I wouldn't touch a tamron or sigma.
Images below are cropped slightly and I used a 1.4III converter on a 1D4 ... none of these shots would have been able using any other big white ... I would have had to have backed off another 2 meters or so.


----------



## monkey44 (Dec 30, 2014)

Finally got a little time out with 100-400 v2 -- and after more than ten years with V.1, it simply floors me -- at first, I thought -- hmmm, pretty close, now, not so easy a choice, no choice actually. Altho my V.1 copy has shot some fine images over the years.

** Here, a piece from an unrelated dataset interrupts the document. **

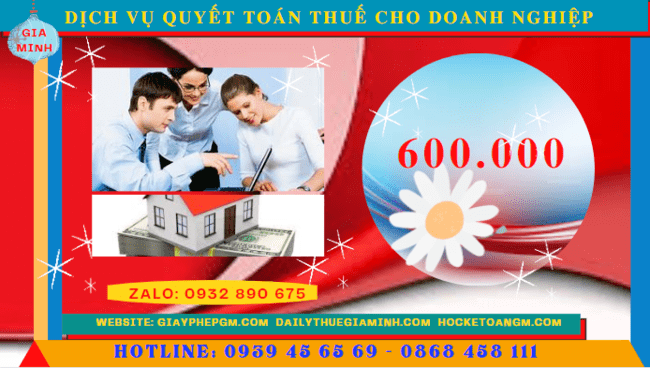 Dịch vụ quyết toán thuế cho doanh nghiệp tại Thừa Thiên Huế 5 Chi phí quyết toán thuế thu nhập doanh nghiệp tại Thừa Thiên Huế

I know a lot of guys want to hear 'tech stuff', but I can't offer that, my experience in the field tells me all I need to know just looking at the subject. I understand the basics of camera and lens technology, and know as much as I need to function well in the field -- but to define the tech aspect of any given image, and try to state "why it looks this way, or that way" just is not my place. but, I can say, this lens will give you some very nice images and prints, and a pleasant experience when you use it no matter how we define the physics, and some one more knowledgeable about that will probably pop in soon enough (and some have elsewhere). 

I've been playing with the 7D2, figuring out the AF and other options and settings for a month or so ... got the lens less than two weeks, and have only had it out in the field twice. This second time convinces me completely it serves its purpose very, very well. Sharp, very fast focus, clean images -- nice bokeh as well. I'd not thought any lens would beat out my 70-200 f.4 IS ... but this one makes it tough to chose between them under at least some conditions.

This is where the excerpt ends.